The purpose of this paper is to update the fractionator variance predictor proposed in Cruz-Orive (1990) in the light of more recent results.

In the latter paper the target quantity was the number *N* of particles in a fixed and bounded subset *X* ⊂ ℝ^{3}, for instance the number of neurons in a well-defined brain compartment. To estimate *N* the object *X* was first split into serial slices of a constant thickness. A systematic subset of slices was drawn with a known sampling fraction, and this subset was split into odd- and even-numbered slices (this design was originally proposed by Gundersen, 1986). After an arbitrary chain of further subsampling stages, the variance predictor was computed from the corresponding two particle number estimates.

The main shortcomings of the current approach may be summarized as follows.

- 1The basic probes should be slabs (because the target is particle number), but the model used, leading notably to assumption (7) in Cruz-Orive (1990), was based on plane sections. No account was therefore taken of the fact that the estimator variance should rapidly decrease as the gap between consecutive slices decreases. We introduce the slice thickness effect making use of the result (5.16) from Gual-Arnau & Cruz-Orive (1998).
- 2As mentioned above, the number of particles contained in the odd- and even-numbered slice subsets was estimated by further subsampling stages, leading to estimation or ‘local’ errors that were also not taken into account.

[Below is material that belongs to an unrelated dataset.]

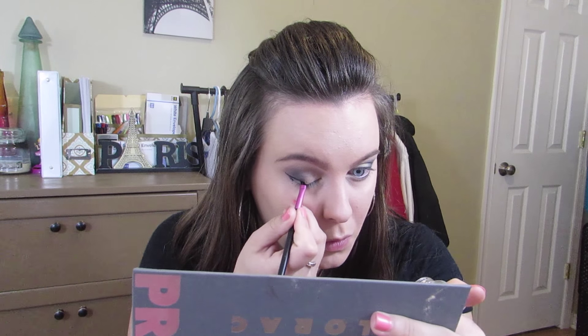Now the gel liner — I'm starting off with the wing and I already messed up. I'm trying so hard to get the hang of gel liner and it is just not working for me. I got one eye done and now I'm doing the other, and by the power of editing it's not going to take 50 hours like it normally does.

This is achieved using the model described in Cruz-Orive (1999, eq. 3.4).

In addition, we generalize the design in Cruz-Orive (1990) in the following way.

- 3We develop a general variance predictor (Eq. 2.27) for the case in which the initial slice sample is split not necessarily into two, but into
*n*systematic subsets, (*n*= 2, 3, … ).

The mentioned general variance predictor is discussed in Section 4 for the particular case of *n* = 2 in two common situations, namely for ordinary Cavalieri disectors (Subsection 4.1) and for double disectors (Subsection 4.3). The latter have the advantage that the local errors can be estimated directly without resorting to particle arrangement models such as Poisson’s. The formulae are illustrated in each case with numerical examples.